COMPARISON OF AN ANCIENT AND A MODERN
MARINE ANIMAL OF ALLIED GROUPS.
1, A CAMBRIAN TRILOBITE (AFTER WALCOTT).
2, A MODERN HORSESHOE CRAB.
The present rate of denudation in the Hudson Bay region is one foot in about 47,000 years. How long then, has it taken the seas to lay down these miles of sediments, which are but a small fraction of the whole geologic column? Having considered all this, can we estimate, even approximately, the vast length of time that has elapsed between these periods of sedimentation, the so-called “gaps” or “breaks”—the torn, illegibly written pages of the history of the earth? Indeed, there are moments when all may feel that it is much beyond their comprehension. But, man, by nature, is at once humble and exalted. He is willing to admit his defeat, yet his thirst to conquer new knowledge, to know the truth, is never satiated.

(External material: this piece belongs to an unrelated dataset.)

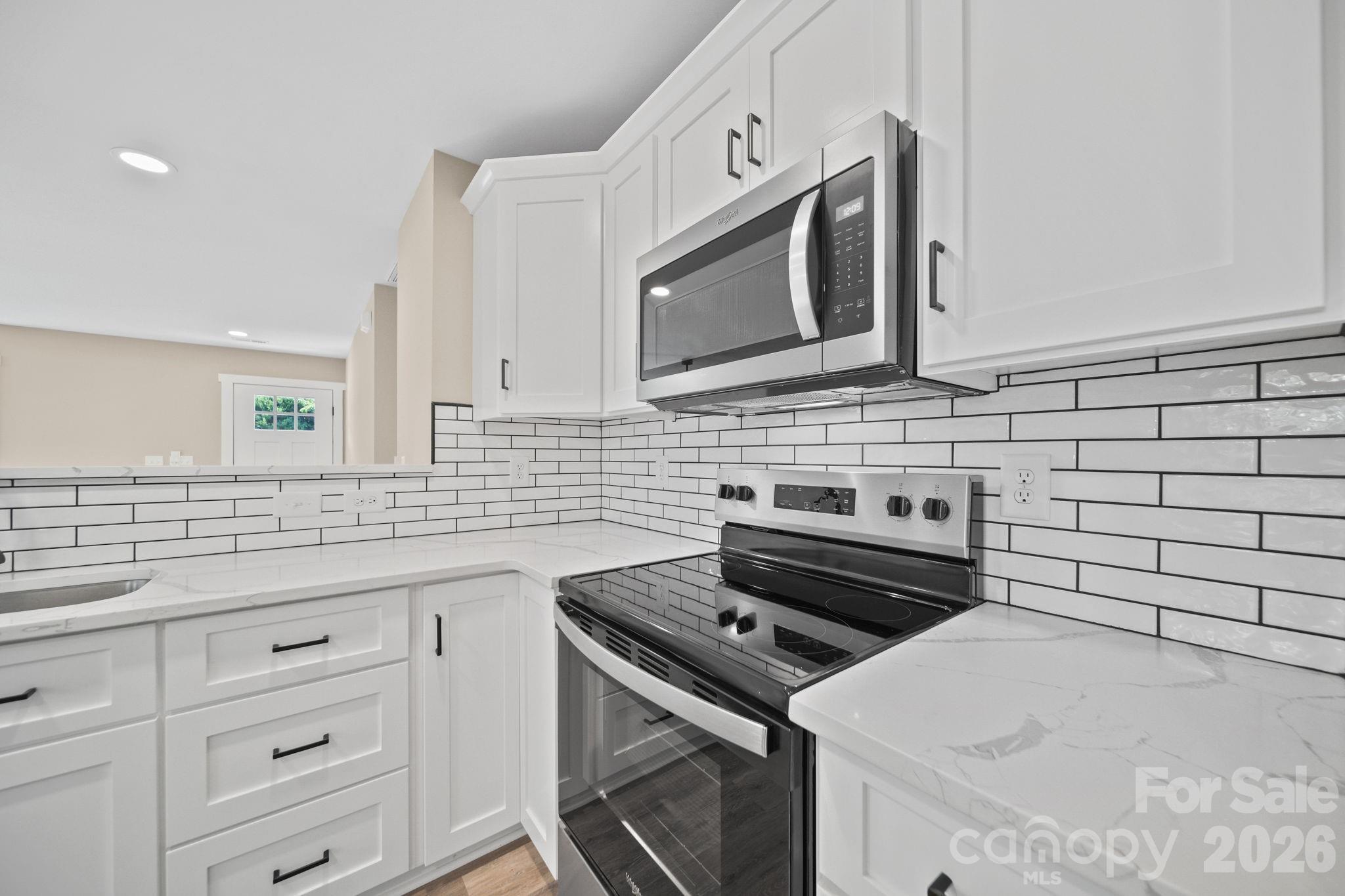 1245 Wendover Avenue Property Photo 13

The reason for the failure to arrive at an absolute result is not very far to seek. In computing geologic time, one has to calculate that which has elapsed, by some process in nature that takes place in one direction only and that does not change its rate when conditions alter. Whatever the method applied, be it the deposition of sediments, or the gathering of solutions, or the losing of heat by the sun and the earth, its rate of action should be uniform and uninterrupted. It should be independent of the changing conditions of the earth. Uniformity of the rate of action is the criterion for precise calculation. But we know that the past was quite different from the present. Different conditions have existed at different times during the earth’s history. The configuration of the earth, its climate, humidity, temperature and many other factors have varied from time to time and with them the rate of erosion, deposition and solution has either accelerated, diminished or ceased. The doctrine of uniformitarianism cannot be assumed in a changing world, even though our knowledge of the earth of the past can only be gained from a fuller study of the earth of the present.

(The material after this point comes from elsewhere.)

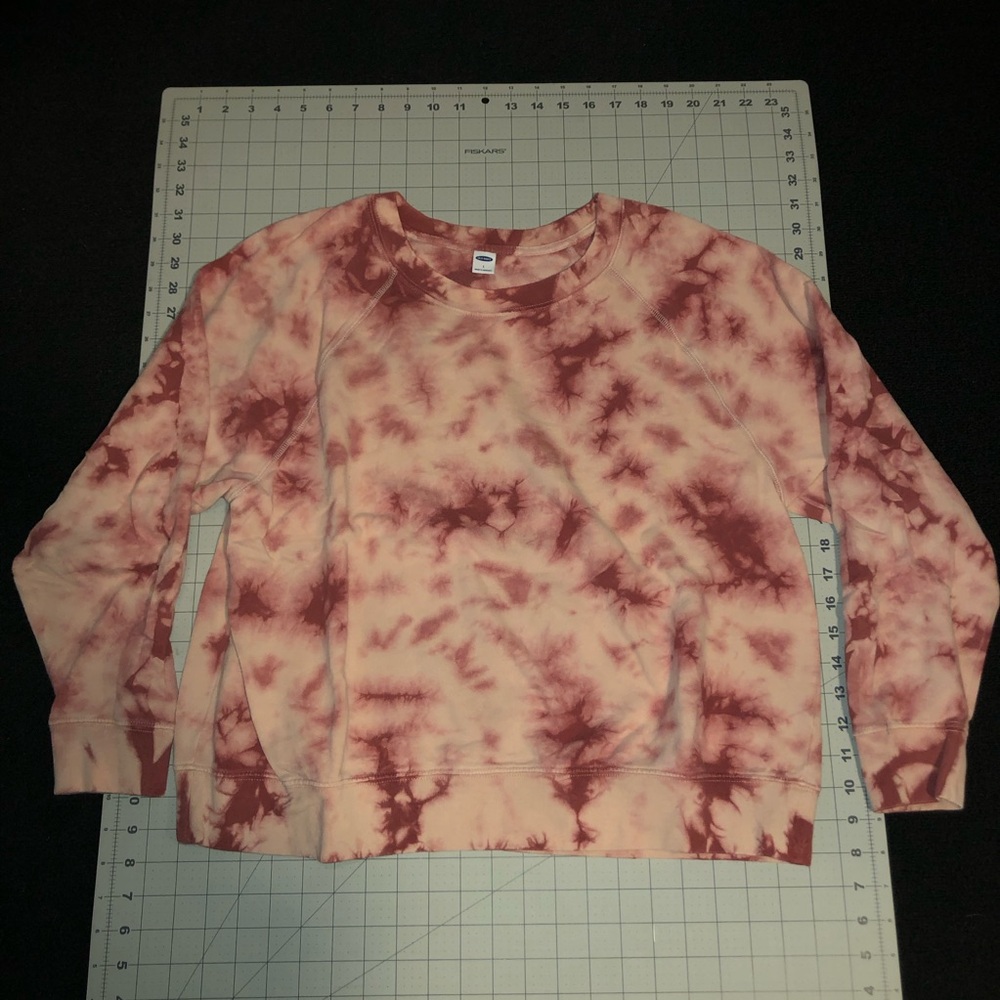 Old Navy. Crew Neck Sweatshirt. Size Large. Tie Dye Pink/Red/Cream Multi Color.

When we consider the rate of sedimentation as a method for estimating geologic time, we take the total observed thickness of the geologic column, (estimated to be 70 miles) and divide it by the rate at which the sediments are now being laid down. But do we know this rate? By taking the average rate of sedimentation of nine large rivers[1] now in existence and assuming it to be the rate at which sediments were deposited in the past, an approximate conclusion can be arrived at. But it will be noticed from the figures of the rate of sedimentation of different rivers that they are widely variable, the highest being many times greater than the lowest. Can we then use an average of nine figures so out of proportion and yet expect a reliable quantitative value? Furthermore, the rate of deposition along the coast, near the mouth of a large and active river, is much higher than on a coastline where no rivers empty their sediments into the sea. The rate is also largely controlled by the character of the sediments deposited. Sandstone and shale are more rapidly deposited than limestone. Moreover, just as there is no knowledge of the duration of time of erosion between periods of sedimentation, there is also no record of the amount of detritus that has fallen off the edge of the continental shelf during widespread emergence of the continents.